Economic theory might be expected to position institutions as its empirical content, but the integration of theory and institutional facts has so far not been accomplished in economics. The raison d’être of this book is the opening of a path towards the integration of theory and institutional facts, applying an analytical – rather than historical or evolutionary – approach. This requires a conceptual framework that shows how knowledge of institutions fits into our understanding of economic questions. The conceptual framework relates to the empirical content of economics, identifying two types of facts, distinguishing, for instance, between statistical data, on the one hand, and the relationship that may exist between statistical data, on the other hand. Institutions should figure as facts.
This chapter considers the role which the notion of rational action plays in equilibrium theory. An individual’s choice reveals something about his preferences to the observer and even to the choosing individual himself. The assumption that there is a most preferred combination of goods is merely the assumption that an individual acts purposefully. When we interpret behaviour as purposeful action the beliefs and preferences that are revealed may simply be ones that an individual happened to have at a particular moment, without any significance beyond that moment. When we treat the beliefs, aims and preferences of others as empirical facts, the nature of such facts differs according to whether they are elements in our intelligible accounts of the actions of others or whether they are factors that we take into account in our own actions. They feature as either ex post facts or ex ante facts. In neo-classical economics the empirical content of preferences are ex post facts that have been mistaken for ex ante facts.
A realistic economics may take as some of its empirical content the institutions of an economy. In neo-classical economics, in contradistinction, it is the choices of individuals that constitute the empirical content of theory. Institutions and choices, however, belong to two different orders of fact, according to the conceptual framework developed in this book. Choices belong to the ex post order of facts, and institutions belong to the ex ante order of facts. The former are mere records of past events, whereas the latter have to do with structure and causation. Economic theory presents preferences as if they were in the nature of ex ante facts, giving rise to choices, but in the absence of observing preferences, it infers them from the choices. Accordingly, the empirical content of economics are in the nature of ex post facts. Preferences are ex ante facts to the operating individual, but to the observing theorist, they are in the domain of ex post facts. This book shows how a confusion between ex post and ex ante facts has manifested itself in micro-economics.

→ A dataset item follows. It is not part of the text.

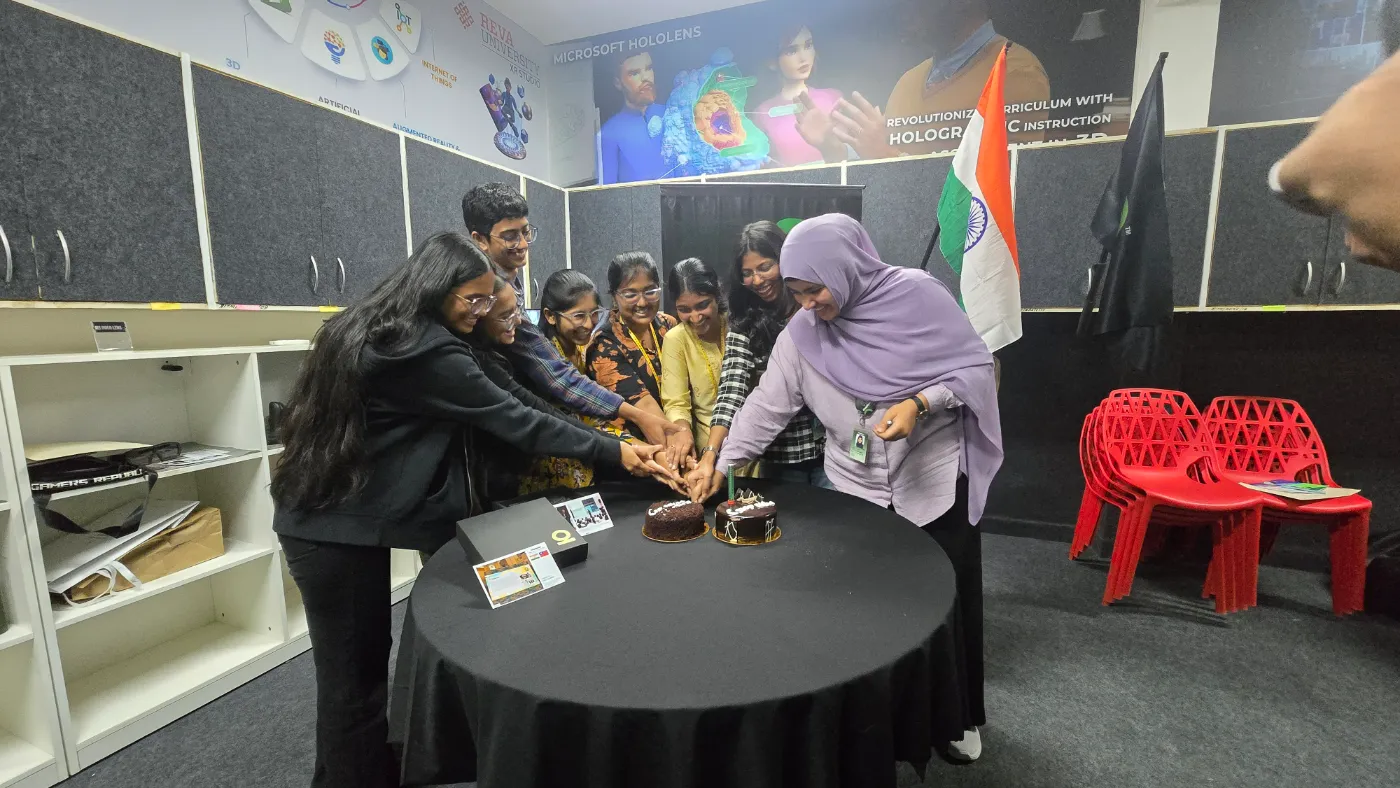 The team celebrating together beside the Indian flag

In this chapter the sceptic conceptual framework will be applied to equilibrium models of comparative statics in micro-economics. The purpose is to show that equilibrium models are deterministic, with preferences functioning in the manner of a structural fact, as defined in the sceptic conceptual framework. This points to a link between equilibrium models and the sceptic conceptual framework, where ex post facts correspond to casual data and ex ante facts correspond to parametric and institutional data of the bahavioural functions of micro-economics. The ex ante order of fact has the connotation of something enduring, rather than just stochastic elements of the ex post order of fact. But while preferences may be ex ante to choices, economics use the preference field in an ex post manner, though dressed up as an ex ante fact.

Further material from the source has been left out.